In addition to its possible flow-like characteristics, the cramming experience is likely to be reinforcing to the extent that it is associated with academic (and other forms of) success. For some successful students, cramming, may be the most important part of their studying (see Vacha & McBride, 1993). As W. Sommer (1990) put it, when students cram, “minds mired in torpor, anhedonia, and unnameable anguishes suddenly transmogrify into dazzling think-machines” (p. 6). How might such a transformation occur?

In Csikszentmihalyi’s (1990, 1997) terms, when students procrastinate in their studies, they are either intentionally or unintentionally increasing the level of challenge they are facing. One’s skills at cramming (e.g., being able to stay awake and alert, managing one’s limited time, memorizing and integrating large amounts of material) presumably remain relatively constant. However, crammers may wait for that time when the level of challenge matches their skills so that their experience is more enjoyable and engaging. Indeed, prior to a looming deadline, the course materials are more likely to be seen as boring (one’s skills exceed the challenge). However, if one waits too long to begin studying, anxiety will be the result (because the challenge exceeds one’s skills). In essence, one of the ways that students may increase the attractiveness or interestingness of otherwise uninteresting or unengaging assigned course materials or assignments is by procrastinating and then cramming. Thus, a major benefit of cramming may be that it provides students with an opportunity to demonstrate their study skills under challenging circumstances.

The present study was designed to test this possibility by examining the relationship between cramming and flow. In this study, we created a simulated cramming and testing situation for college students. Our major prediction was that self-identified crammers (i.e., Vacha & McBride’s (1993) “zealous” and “crammer” students) would be more likely to report flow-like experiences in the simulation than would self-identified non-crammers (“ideal” and “confident” students). In addition, we explored the relationship of typical study habits and academic procrastination to performance on, and the experience of flow during, the cramming simulation.



Participants were 167 undergraduates (75 males, 92 females (1)) enrolled in Introductory Psychology classes at a large (18,000+) southeastern US university. Students participated in order to earn course credit. They volunteered for the study by placing their names on a sign-up sheet which described the study as dealing with academic cramming and procrastination. They participated in groups of 10-20. Data were collected approximately two weeks before the end of the semester. Six of the participants were dropped due to missing data, leaving a final N of 161. There were two major parts to the study: (a) the assessment of student study habits and general flow experiences and (b) the cramming simulation.

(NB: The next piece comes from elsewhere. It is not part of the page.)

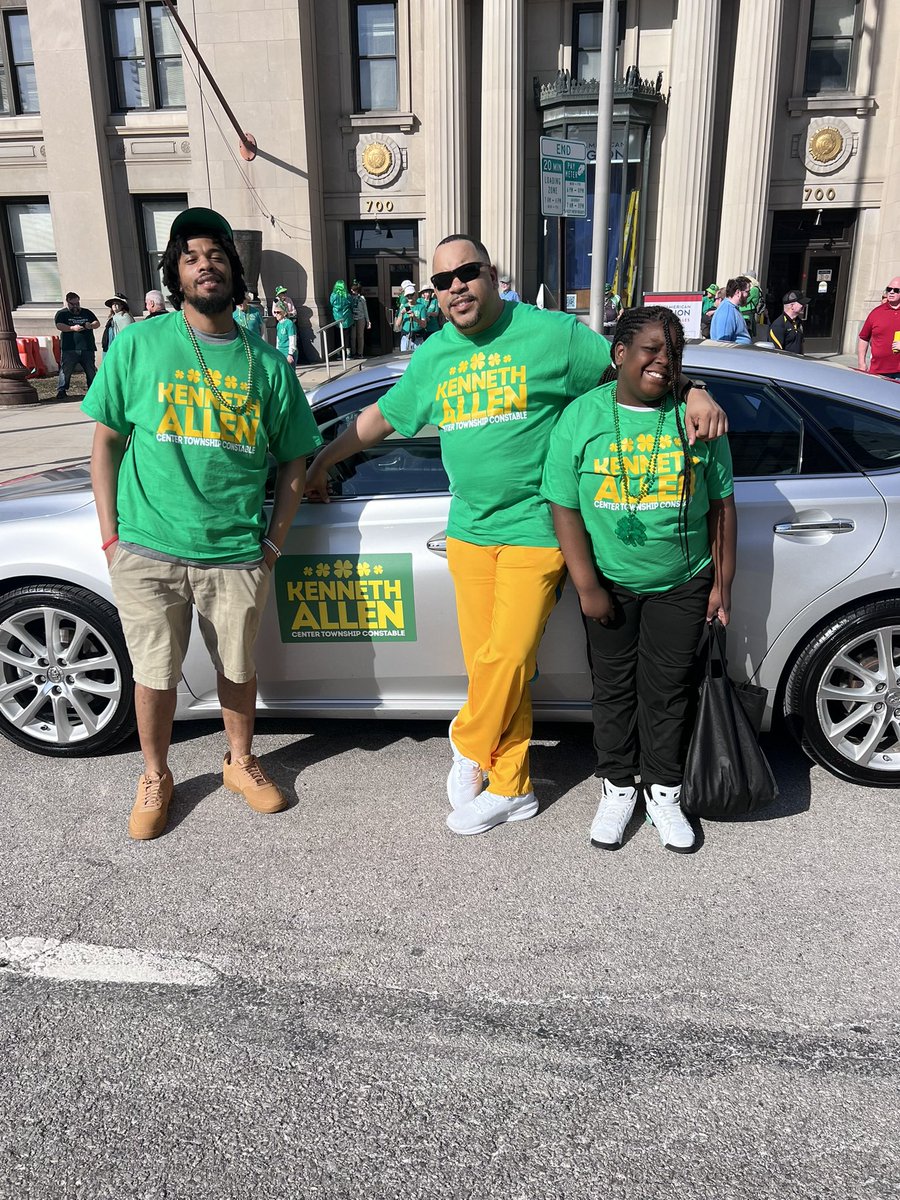 Constablekallen's tweet image. Hard to believe it’s been 1 year since I was sworn in as Center Township Constable 💚💛

We’ve strengthened our team, built trust, &amp;amp; served with purpose.

I’m running for re-election to keep Center Township moving forward! 🙌🏾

Study Habits & General Flow Assessment

In order to assess student study habits, we instructed participants to “consider all your current and recent courses. We are most interested in your general study habits and patterns (rather than how you study in a particular course). In other words, make the following ratings by considering your overall study habits, across all of your courses.” First, participants provided their own definition of academic cramming. We then provided them with R. Sommer’s (1968) definition of cramming (i.e., “a period of neglect of study followed by a heavy burst of studying immediately before an exam”) and instructed participants to use this definition to rate the following items. The study habits items, all based on 5-point Likert scales, included frequency of cramming for exams during the current semester (1 = never, 2 = rarely, 3 = sometimes, 4 = often, 5 = always), general preference to not cram or to cram for exams (1 = definitely not cram, 2 = probably not cram, 3 = neutral, 4 = probably cram, 5 = definitely cram), how often one crammed by choice (preferring to wait to study even if one didn’t have to) and by necessity (being forced to because of work, lack of time, or other external circumstances) (1 = never, 5 = always), how often one gave oneself enough time to study (1 = never, 5 = always), overall level of satisfaction with study habits (1 = very dissatisfied, 2 = somewhat dissatisfied, 3 = neutral, 4 = some what satisfied, 5 = very satisfied), and frequency of engaging in last-minute or last-second cramming just before an exam is passed out in class (1 = never, 5 = always). Finally, participants classified themselves into one of the four categories (ideal student, confident student, zealous student, and crammer) described by Vacha and McBride (1993).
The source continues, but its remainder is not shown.